ABSTRACT

In the 21st century context, the Philippine education system is buffeted by global movements on the one hand and local, contextualized reactions on the other. The global Education For All (EFA) movement has become a key linchpin of Philippine education policy. It is a global normative formula designed to accomplish the fundamental common good of education. The Philippine Basic Education Sector Reform Agenda (BESRA) is the localized and contextualized response to EFA. Teachers have discovered that the oftentimes-opposing forces of EFA and BESRA have placed them in what Appadurai describes as fundamental disjunctures where their localized educational practices clash with global and purportedly new innovations.

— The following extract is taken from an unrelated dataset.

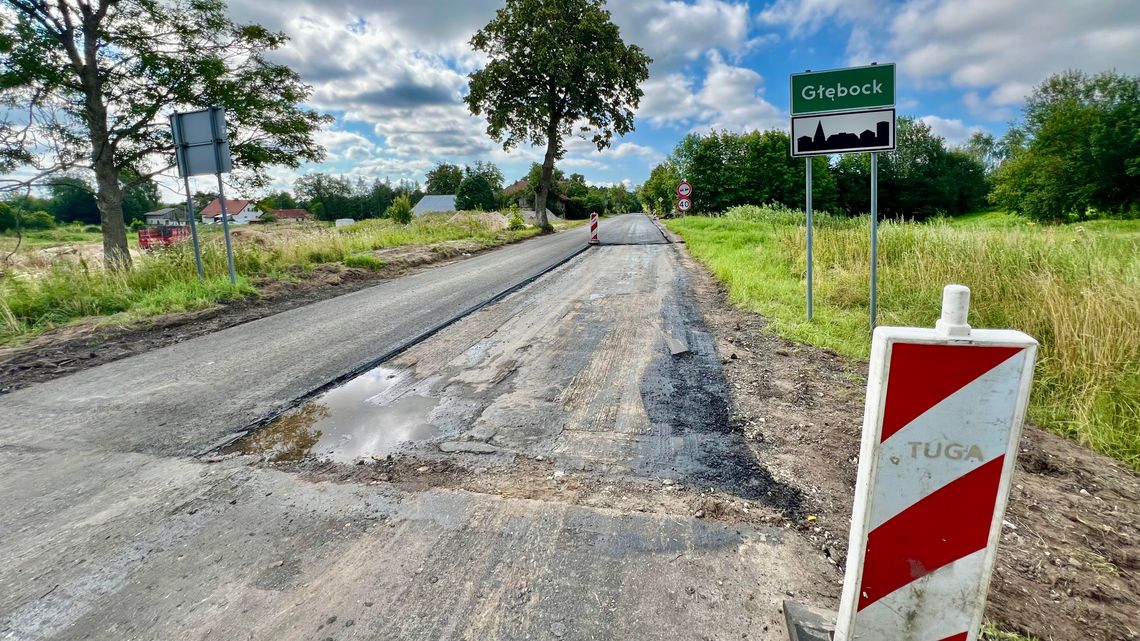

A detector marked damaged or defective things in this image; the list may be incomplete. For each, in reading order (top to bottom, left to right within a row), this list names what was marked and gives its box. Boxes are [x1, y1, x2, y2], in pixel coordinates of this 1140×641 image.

This chapter argues that teachers who find themselves in these disjunctures caused by the intersection of global and local policies and practices undergo sense-making experiences moderated by their sociocultural interactions. In this chapter, the sense-making encounters of school stakeholders implementing teacher education policies, represented by narratives, are viewed from the perspectives of identity, agency, and ownership. Identity formation emerges as one of the fundamental reactions to these experiences. This chapter posits that as these school stakeholders navigate through various waves of disjunctures, they make choices that either empower them or disempower them. In a word, their sense-making experiences impact on their sense of agency. Aside from identity and sense of agency, this chapter also affirms that while attempting to make sense, school stakeholders also experience decisions impinging on their sense of ownership. These theoretical assumptions allow this chapter to contribute to current debates on how educational policies impact actors who position themselves in relation to ownership, sense-making, and agency.